Во-первых, материализм не может отдать справедливость природе того, что дано нам в качестве содержания сознания. Основные гипотезы и фундаментальные законы естествознания, с помощью которых он также хочет объяснить сознание, везде говорят только о происхождении движений из движений: то, что сознание должно возникать также из движений мельчайших частиц мозга, в дополнение к другим движениям, в них не предусмотрено. Если материализм теперь хочет заполнить этот пробел, приписывая материи, кроме механических, другие скрытые силы, которые, как предполагается, позволяют ей производить сознание, он вступает в противоречие с законом энергии, поскольку должен предположить, что для этого, как и для любого другого эффекта материальных агентов, энергия расходуется, тогда как, как согласно общим предпосылкам естественной науки, так и согласно специальным точным исследованиям, механическая энергия, поставляемая телу, полностью используется для механических эффектов. Но если материализм пренебрегает этими трудностями и просто допускает, что где-то и когда-то сознание возникло из материальных условий, то дальнейшее существование и развитие этого сознания ставит перед ним новую трудноразрешимую проблему, поскольку согласно дарвиновским принципам сохраняются только те органические функции, которые полезны в борьбе за существование, тогда как для материализма сознание – всего лишь эпифеномен, и как таковое оно абсолютно неэффективно и бесполезно. Повсюду видно, что материалистическая гипотеза по своей природе не приспособлена для объяснения этого сознания и нигде не может предложить такого объяснения, не перечеркивая основных предпосылок естествознания, на которых она сама основана.
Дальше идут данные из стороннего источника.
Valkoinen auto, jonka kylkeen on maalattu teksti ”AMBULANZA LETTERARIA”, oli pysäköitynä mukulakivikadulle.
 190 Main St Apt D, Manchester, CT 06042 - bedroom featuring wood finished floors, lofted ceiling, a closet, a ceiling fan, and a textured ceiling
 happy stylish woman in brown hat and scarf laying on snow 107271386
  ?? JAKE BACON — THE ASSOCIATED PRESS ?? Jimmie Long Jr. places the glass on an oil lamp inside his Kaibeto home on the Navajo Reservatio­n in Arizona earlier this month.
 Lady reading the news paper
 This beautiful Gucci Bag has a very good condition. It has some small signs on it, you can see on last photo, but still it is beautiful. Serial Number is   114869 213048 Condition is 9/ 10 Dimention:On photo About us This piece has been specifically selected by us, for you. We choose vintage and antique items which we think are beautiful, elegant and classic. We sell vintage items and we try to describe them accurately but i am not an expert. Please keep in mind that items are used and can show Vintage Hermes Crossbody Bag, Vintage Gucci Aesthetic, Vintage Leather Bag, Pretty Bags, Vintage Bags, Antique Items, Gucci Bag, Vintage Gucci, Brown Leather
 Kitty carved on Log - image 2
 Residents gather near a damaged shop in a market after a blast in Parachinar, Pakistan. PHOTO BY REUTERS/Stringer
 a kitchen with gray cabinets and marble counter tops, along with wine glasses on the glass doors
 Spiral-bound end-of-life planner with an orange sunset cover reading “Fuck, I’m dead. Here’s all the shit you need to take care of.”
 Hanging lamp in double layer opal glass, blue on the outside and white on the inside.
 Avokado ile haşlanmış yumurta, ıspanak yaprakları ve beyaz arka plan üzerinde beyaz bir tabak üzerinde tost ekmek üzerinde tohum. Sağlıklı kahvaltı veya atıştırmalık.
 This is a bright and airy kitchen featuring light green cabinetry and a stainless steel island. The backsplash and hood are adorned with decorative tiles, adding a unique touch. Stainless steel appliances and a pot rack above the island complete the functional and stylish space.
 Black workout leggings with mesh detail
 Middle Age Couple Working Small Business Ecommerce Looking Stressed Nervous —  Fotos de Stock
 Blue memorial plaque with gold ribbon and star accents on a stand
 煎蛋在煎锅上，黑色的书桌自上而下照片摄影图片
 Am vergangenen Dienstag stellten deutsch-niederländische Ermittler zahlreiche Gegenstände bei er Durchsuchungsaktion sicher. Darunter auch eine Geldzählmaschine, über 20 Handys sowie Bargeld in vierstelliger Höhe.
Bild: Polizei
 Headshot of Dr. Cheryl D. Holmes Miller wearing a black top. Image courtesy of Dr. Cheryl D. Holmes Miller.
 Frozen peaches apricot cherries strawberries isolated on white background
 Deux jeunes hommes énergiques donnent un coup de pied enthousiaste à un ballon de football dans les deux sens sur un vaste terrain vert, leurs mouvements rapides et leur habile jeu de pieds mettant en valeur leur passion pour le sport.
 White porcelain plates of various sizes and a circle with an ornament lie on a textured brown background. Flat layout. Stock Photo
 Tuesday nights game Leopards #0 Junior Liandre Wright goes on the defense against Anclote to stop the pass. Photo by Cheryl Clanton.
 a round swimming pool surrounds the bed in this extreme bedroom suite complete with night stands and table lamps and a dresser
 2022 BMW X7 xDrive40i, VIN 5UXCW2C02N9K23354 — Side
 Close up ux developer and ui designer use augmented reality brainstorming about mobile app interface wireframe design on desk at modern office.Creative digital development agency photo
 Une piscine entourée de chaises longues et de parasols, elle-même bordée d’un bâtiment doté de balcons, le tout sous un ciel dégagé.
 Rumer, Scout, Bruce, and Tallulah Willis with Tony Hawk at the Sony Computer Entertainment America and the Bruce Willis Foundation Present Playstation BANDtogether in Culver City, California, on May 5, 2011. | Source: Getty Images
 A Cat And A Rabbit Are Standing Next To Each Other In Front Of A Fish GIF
Спинозизм (особенно в той упрощенной форме, в которой он был представлен выше), вероятно, только относительно защищен от подобных возражений, потому что он оставляет реальность, которую предполагает, совершенно неопределенной, и поэтому трудно сказать, что он может и чего не может сделать. Но есть по крайней мере один общий факт, который он должен рассматривать как совершенно случайный и необъяснимый: это соответствие по содержанию между волевым решением и действием. Ибо, по его мнению, между ними нет никакой причинной связи, в силу которой решение воли могло бы произвести соответствующее ему действие; но в обоих отражаются последовательные реальные процессы в различных направлениях, природа которых неизвестна, но которые в любом случае должны быть поняты как совершенно отличные от них. Поэтому для возникновения физического отражения (действия) совершенно случайно, что наряду с ним существует психическое отражение (решение воли), и вдвойне случайно, что в этом решении воли именно те движения представляются как цель, которые сразу же после этого проявляются в действии. Таким образом, спинозизм (как, впрочем, и материализм) оставляет необъясненным тот чрезвычайно важный для рассматриваемых вопросов факт, что мы делаем именно то, что хотим делать; для его объяснения в любом случае потребовались бы вспомогательные гипотезы, и поэтому он явно не дотягивает до другой теории, которая могла бы обойтись без них.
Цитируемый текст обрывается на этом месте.